Clarion futures, the charitable arm of Clarion has a large
employment and training department which works with key partners
and residents. It also works with young people across all its
boroughs to support its strategy to improve their lives.
· There has been relatively few cases of anti-social behaviour
associated with Clarion properties in the borough.
· Clarion’s inability to develop new homes in the borough
was due to high land values, however it welcomes the opportunity to
work jointly with Islington Council to find creative ways to
address this issue.
· Clarion tenants are offered fixed terms instead of life
tenancies and this was in line with governments policy that social
housing should be restricted to those in need however following the
recent changes, the organisation is looking at this and will
communicate any changes to the borough.
response to complaints about the service of repairs, Clarion
acknowledged that the service is not where it wants it to be and
that there is scope for more work on improving the levels of
· On concerns about lack of communication with residents of
Minerva Lodge, a sheltered home, the Director advised members that
Clarion officers would be visiting the home to better understand
the concerns and rectify the issues raised.

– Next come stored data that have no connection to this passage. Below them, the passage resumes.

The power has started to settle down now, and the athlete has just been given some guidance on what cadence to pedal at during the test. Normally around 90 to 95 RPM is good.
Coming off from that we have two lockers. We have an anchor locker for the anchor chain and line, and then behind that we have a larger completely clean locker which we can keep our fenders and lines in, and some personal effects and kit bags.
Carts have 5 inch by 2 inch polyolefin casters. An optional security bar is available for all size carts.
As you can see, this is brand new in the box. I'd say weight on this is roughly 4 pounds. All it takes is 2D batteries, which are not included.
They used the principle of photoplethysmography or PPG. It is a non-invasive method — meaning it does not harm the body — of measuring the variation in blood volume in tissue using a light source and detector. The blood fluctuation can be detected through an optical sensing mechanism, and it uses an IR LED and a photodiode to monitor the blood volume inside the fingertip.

· With regards to the complaints process, the meeting was informed that both stage two and Member complaints are escalated to senior managers and as part of improving complaint resolution times it has put in place a regional performance team with the aim of addressing the complaints and developing a lessons learnt system.
· The meeting was advised that the recent decision to change the contractors employed for responsive repairs has resulted to an increase in the level of resident satisfaction, Clarion recognises that there is room for more work to be done and that there will be a dip in services as it stabilises the new service.

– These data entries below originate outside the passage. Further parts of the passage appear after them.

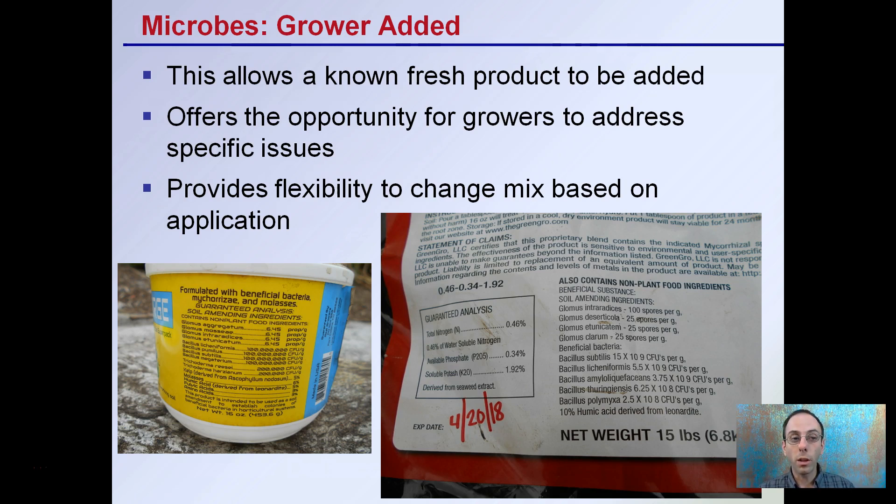This provides flexibility to change the mix based on your application. Just two examples here: some blend products add not only mycorrhizae, but bacillus and trichoderma blends all in one, along with a couple of nutrients. That's common in both of these products here.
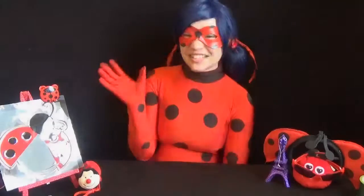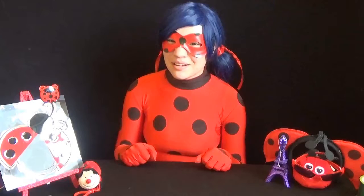Hey viewers, Ladybug here and I'm going to show you how to make your very own Miraculous-inspired bows. You can follow along or change some things to make them your very own.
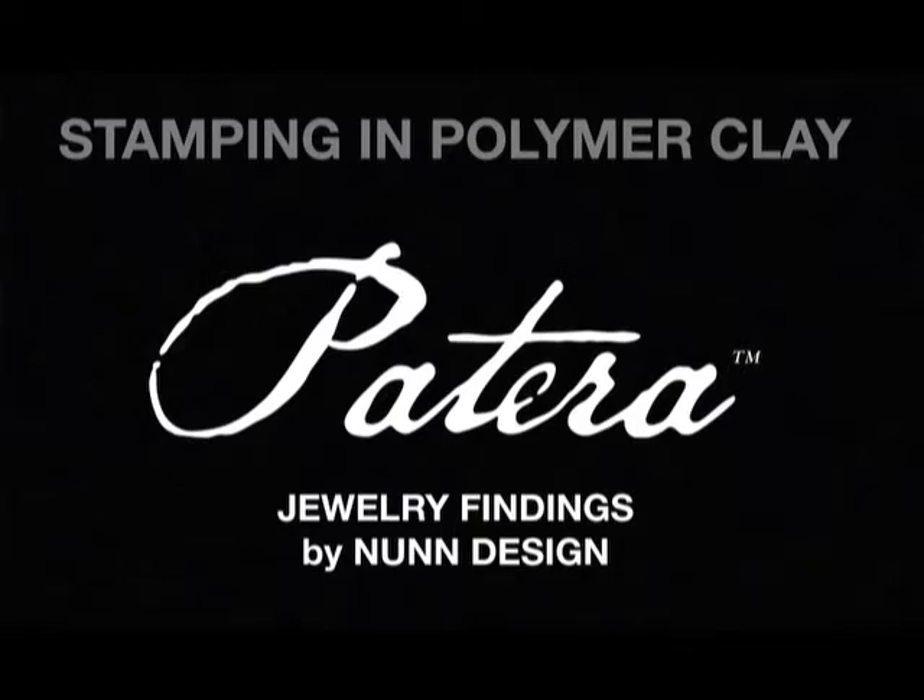Hi, I'm Becky Nunn with Nunn Design. In this segment, we'll be looking at different techniques using our line of Patera jewelry findings, our collage sheets, and unbaked polymer clay. Mary Lynn Maloney is an artist, a designer, and an instructor, and she will be showing us how. Have fun!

· In response to concerns that resolving repairs took 3 visits, the meeting was advised that the programme of developing multi skilled operatives would result in an increase in first time fixes.
· The meeting was advised that having terminated its contract with Wates, Clarion decided to bring the repair service in house.
· Members were informed that although some of the complaints are historical, Clarion is determined to address long standing issues such as boiler replacements, damp, design of kitchens etc. In addition Clarion has brought forward its cyclical works programme for its properties and will be liaising with its resident on the various works planned at their property.
· In response to fire safety concerns within housing blocks, the meeting was advised that regular fire assessments are carried out in all their properties and the details are published on Clarion’s website for transparency and assurance to residents. To allay resident’s concerns about fire incidents, a programme has been put in place to install safety lights and alarms communal hallways.
· Clarion has a programme to check and when required replace the external fire doors for all its street properties and in the case of multi-purpose blocks its internal doors.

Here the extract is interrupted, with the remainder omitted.